* **Data supplied**
[Start of section]

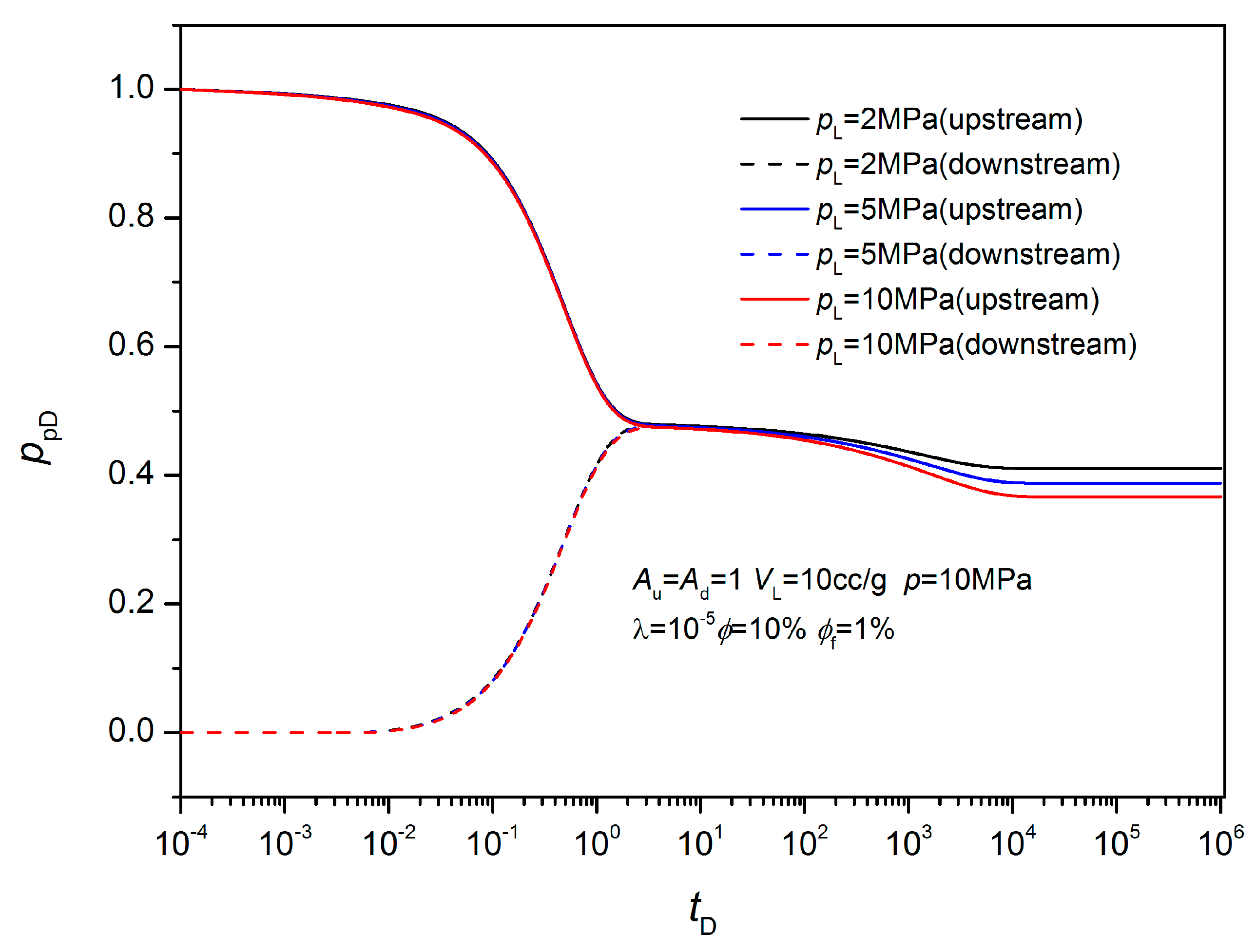 Energies 12 02562 g008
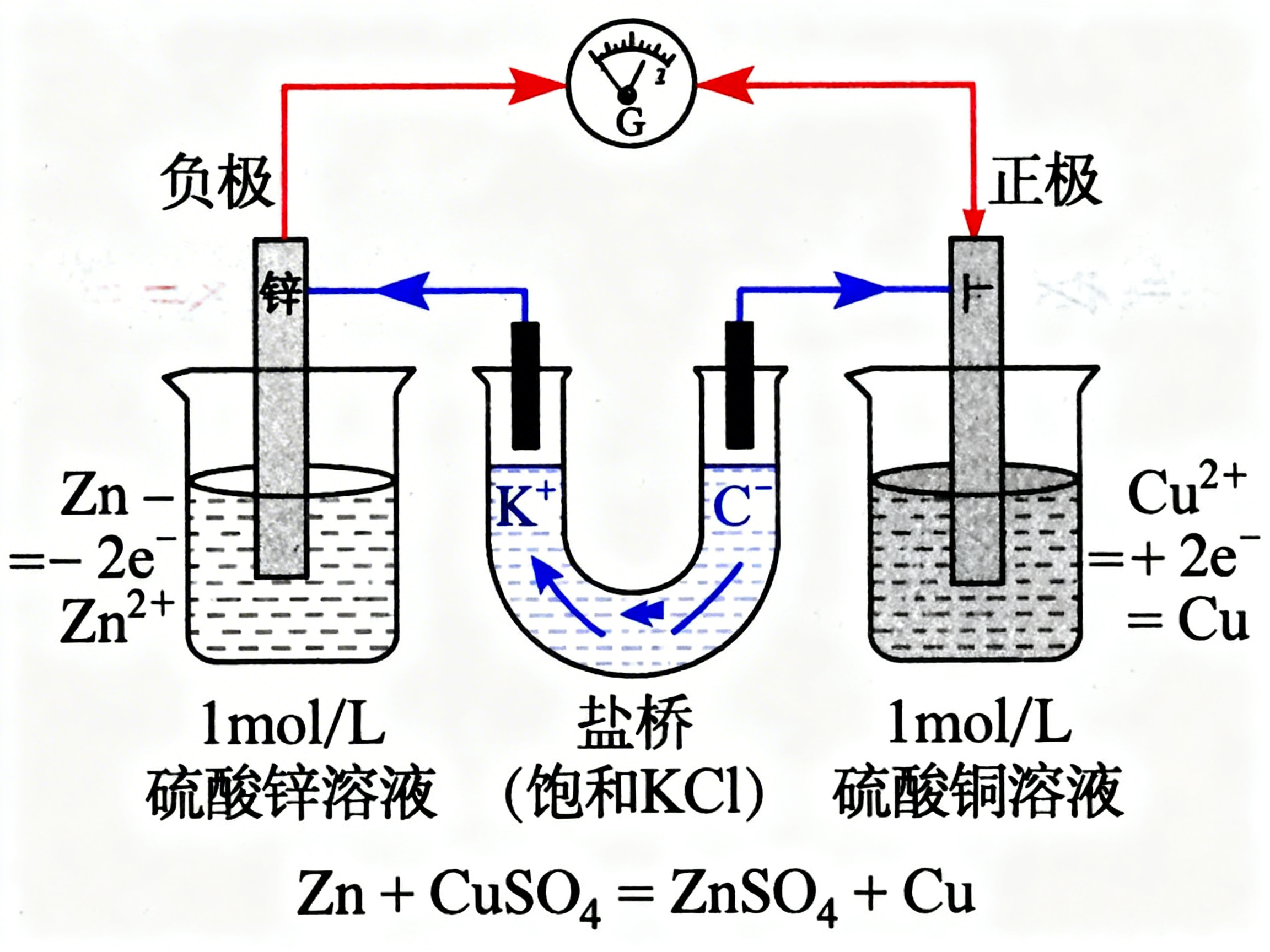图中展示了一个原电池化学实验的示意图。画面中心是一个U型管盐桥，连接着左右两个烧杯。左侧烧杯盛有硫酸锌溶液，插有一根标有“锌”字的灰色电极，作为负极；右侧烧杯盛有硫酸铜溶液，插有一根灰色电极，作为正极。两个电极通过红色的导线连接到上方的电流计上，电流计指针偏向右侧。画面使用了大量的蓝色和红色箭头来表示离子和电子的移动方向。

作为一张 AI 生成的教学图片，图中存在多处明显的文字和逻辑错误：首先，右侧正极板上的文字模糊不清，仅显示一个残缺的“卜”字；其次，盐桥中的化学符号书写错误，氯离子被误写为“C⁻”而非“Cl⁻”，且下方括号内的“KCl”末尾数字“1”与字母“l”混淆；再者，左右两侧的化学方程式排版混乱，等号与加减号重叠，且出现了多余的等号。此外，背景中隐约可见一些杂乱的红色线条残影，属于典型的 AI 生成噪点。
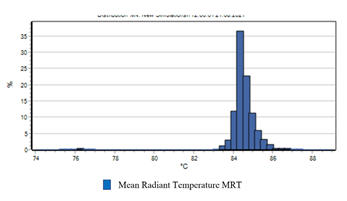 Buildings 12 01811 i027 Buildings 12 01811 i027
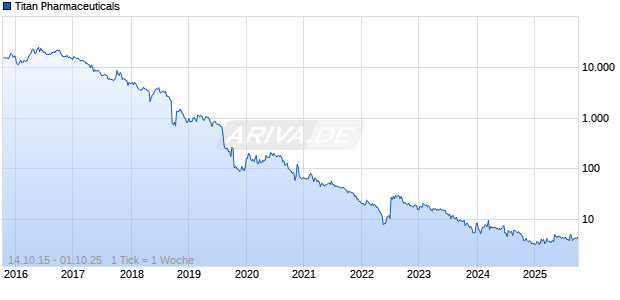 Titan Pharmaceuticals Chart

[End of section]

* **What needs to be done**
Please restate each entry exactly, but drop any picture it holds.

* **Output**
 Energies 12 02562 g008
图中展示了一个原电池化学实验的示意图。画面中心是一个U型管盐桥，连接着左右两个烧杯。左侧烧杯盛有硫酸锌溶液，插有一根标有“锌”字的灰色电极，作为负极；右侧烧杯盛有硫酸铜溶液，插有一根灰色电极，作为正极。两个电极通过红色的导线连接到上方的电流计上，电流计指针偏向右侧。画面使用了大量的蓝色和红色箭头来表示离子和电子的移动方向。

作为一张 AI 生成的教学图片，图中存在多处明显的文字和逻辑错误：首先，右侧正极板上的文字模糊不清，仅显示一个残缺的“卜”字；其次，盐桥中的化学符号书写错误，氯离子被误写为“C⁻”而非“Cl⁻”，且下方括号内的“KCl”末尾数字“1”与字母“l”混淆；再者，左右两侧的化学方程式排版混乱，等号与加减号重叠，且出现了多余的等号。此外，背景中隐约可见一些杂乱的红色线条残影，属于典型的 AI 生成噪点。
 Buildings 12 01811 i027 Buildings 12 01811 i027
 Titan Pharmaceuticals Chart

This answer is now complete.